BookmarkSubscribeRSS Feed
TMorville
Calcite | Level 5
Hi. I have a problem that i can't seem to google myself out of. I've searched the forums, but without luck.

I have a folder with a bunch of txt files called:

wea-abo_02-03-2011.txt
wea-abo_05-02-2011.txt
.
.
.

and so on.

The variables are seperated by a single tab. They are always the same, and have the same names. One would think that i could use a infile statement, but i cant make it work!

What i would like to do, is to import all of the .txt files into one big SAS file. IF possible, i would like SAS only to include, the first row only of the first workbook. This is the variable names, and its only nessesary for me to have them once.

There are 58 variables, and each textfile is approx 50000 rows long. There are some text variables, and some numerical. I also have variables with 8 empty rows in the beginning.
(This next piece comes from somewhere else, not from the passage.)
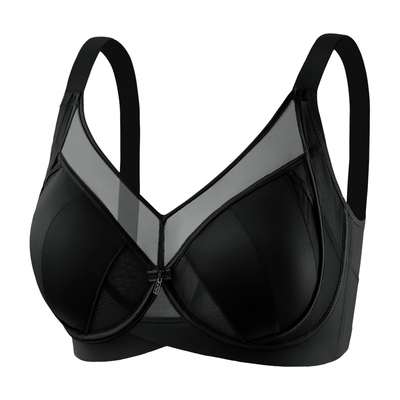 安娜蜜语全罩杯大胸显小文胸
Any help or ideas would be appriciated.

Thanks! Message was edited by: TMorville
15 REPLIES 15
Oleg_L
Obsidian | Level 7
Hello.
Try this macro. It works on Windows. Edit some marked lines of code.

[pre]
%macro cfin10(input=d:\dep\input\2009, out=obordop2009);

/* read files in directory INPUT */

%let dir=%str(dir %")&input.%str(\%" /A-D/B/ON);

data &out ;
length filevar $256. command $256. ;
command = symget('dir');
infile dummy0 pipe filevar=command truncover;
input myfiles $100.;
fname=quote(upcase(cats("&input",'\',myfiles)));

/* Edit below line of code - delimiter and firstobs */


infile dummy1 firstobs=2 dlm=';' ls=32000 truncover dsd filevar=fname end=eof;

/* edit below line of code according to your data structure (fields) */

informat account $20. ss_naim $100. var1-var5 $1. ss_ostd 17. ss_ostc 17. ost_ccy 17. country $50. iso $3. client $100.
k_client $12. client_t $1. inn $char12. reg $char30. isin $char20. cb $char30.;
do while(not eof);

/* edit below line of code according to your data structure (fields) */

input account ss_naim var1-var5 ss_ostd ss_ostc ost_ccy country iso client
k_client client_t inn reg isin cb ;
end;
run;

%mend cfin10;
[/pre] Message was edited by: Oleg_L
TMorville
Calcite | Level 5
Hi Oleg and thanks for the input. It dosen't work tough.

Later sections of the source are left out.